◆ SUPPLIED INFORMATION:
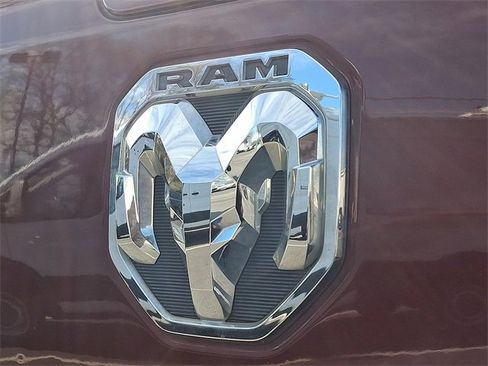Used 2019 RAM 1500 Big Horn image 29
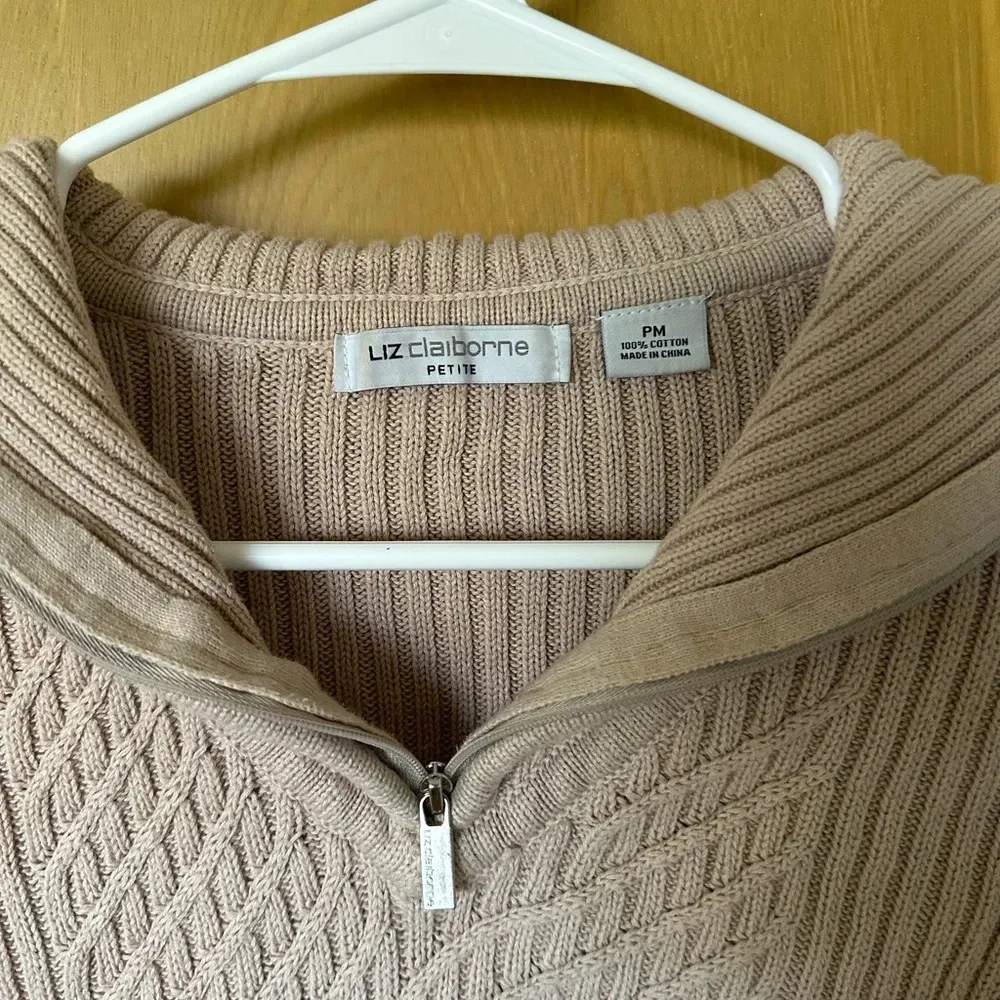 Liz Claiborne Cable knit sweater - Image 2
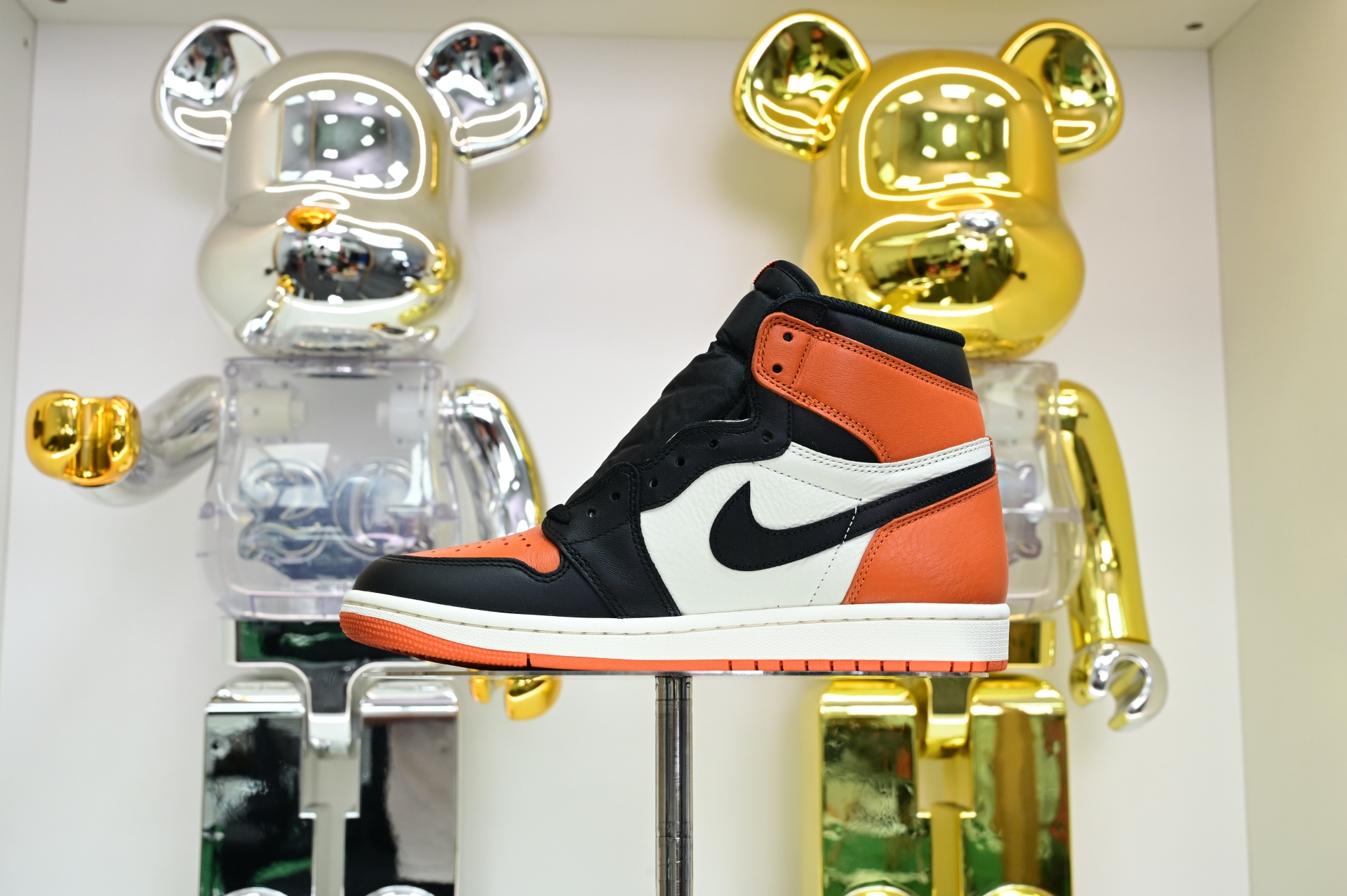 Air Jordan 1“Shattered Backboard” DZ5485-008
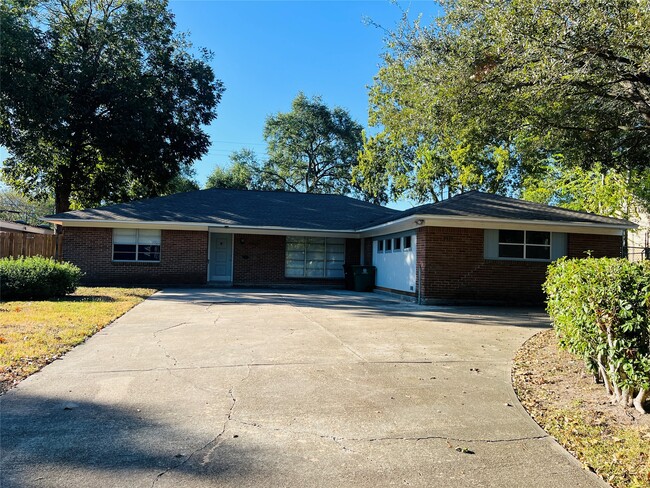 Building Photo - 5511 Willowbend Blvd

◆ TASK REQUIREMENTS: From the first line to the last, reproduce the listing above exactly, leaving the pictures out.

◆ ANSWER SECTION:
Used 2019 RAM 1500 Big Horn image 29
 Liz Claiborne Cable knit sweater - Image 2
 Air Jordan 1“Shattered Backboard” DZ5485-008
 Building Photo - 5511 Willowbend Blvd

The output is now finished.